昔の3気筒はとにかくコンパクトで安いクルマに最適なエンジンというコンセプトで開発された。燃費はもちろん重要だったけれど、それよりもコストやパッケージ面における3気筒のメリットを重視。いまの軽自動車と同じような理由からこの気筒配置が選ばれたと見るのが正しい。
だから、世の中が贅沢になってコストやパッケージ面の制約が薄れると、あっさりと3気筒は廃れちゃう。バブルの上昇期には多くのユーザーがよりスムーズでパワフルな4気筒のほうを好んだからだ。
しばらく忘れられていた3気筒エンジンが、わりと最近になって日欧で復活してくるわけだけど、日本車はまだこの「お安いエンジン」という流れを引きずっているのが悔しいところだ。

パッソやヴィッツに搭載されるトヨタ/ダイハツの1KR-FEは2006年デビューとやや古いからしようがないにしても、2010年デビューのマーチやノートに搭載される日産HR12DEや2012年デビューの三菱ミラージュの3A90でも、日本製の1Lクラス3気筒は安さ以外にほとんど特徴がない。
唯一の例外が2012年デビューのノート用のスーパーチャージャー付きHR12DDRで、ある程度のコストをかけて燃費効率向上のため直噴やクラッチ付きスーパーチャージャーなどの装備をおごっているんだけど、目立っているのは燃費性能だけ。走って特に面白いとか感銘を受けるといったタイプのパワーユニットとまではいえない。
なんといいましょうか、エンジン開発におけるコスト制約が厳しすぎて、世界を驚かせるような面白い3気筒エンジンが出てくる気配がないのがぼくは歯がゆいわけですよ。

それに比べると欧州勢のガッツはすごいよなぁ。冒頭のフィエスタ用“エコブースト”3気筒1Lターボなんか、最高出力100ps、最大トルク17.3kgmと1.6L級を置き換えるパフォーマンス。
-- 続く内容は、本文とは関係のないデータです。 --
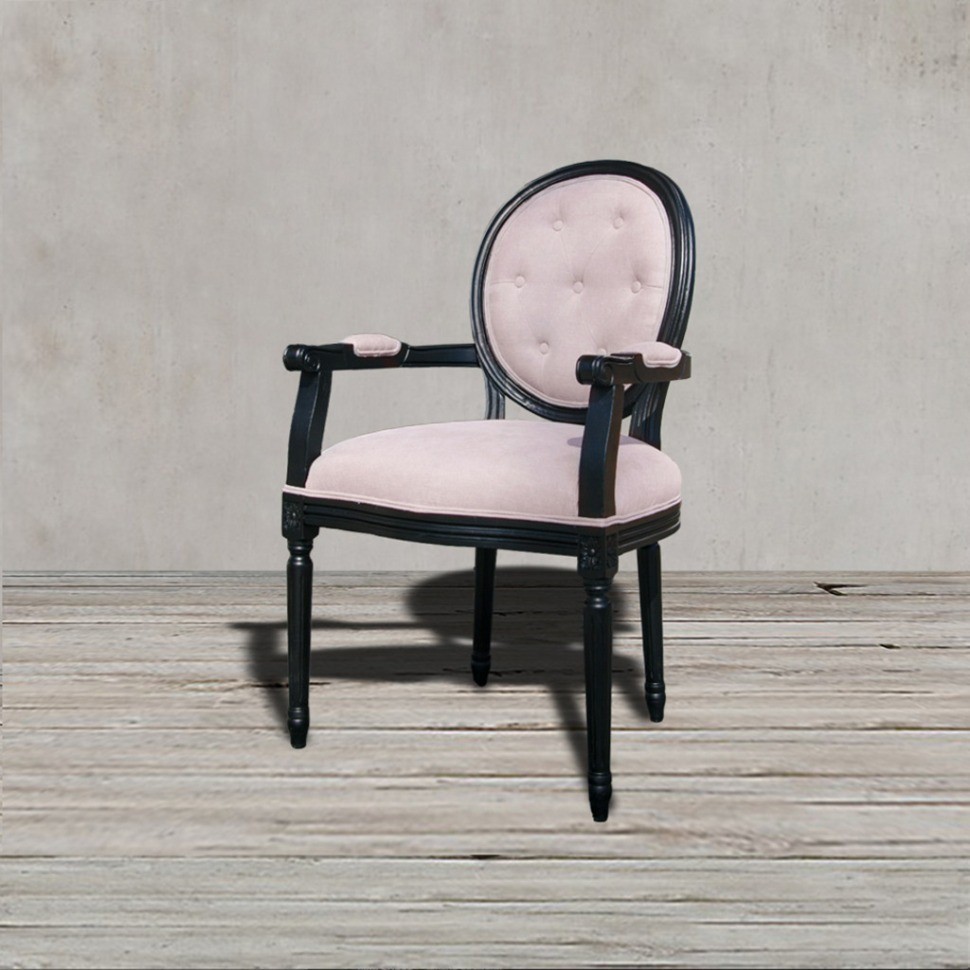 Полукресло Луи NSAC-3121/SJ101S-03, каркас дуб, обивка лен, Pink/Grey, ROOMERS FURNITURE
もちろんそのためにはソレなりにコストも手間もかかっていて、直噴システムにしてもターボにしてもインタークーラーにしても、かなり立派なものを装備している。
さすがと申しましょうか、走りっぷりのほうも6速DCTとのコンビネーションが良好で、国産3気筒勢と比べると、そのドライバビリティは月とスッポンというくらいトルキーで楽しい。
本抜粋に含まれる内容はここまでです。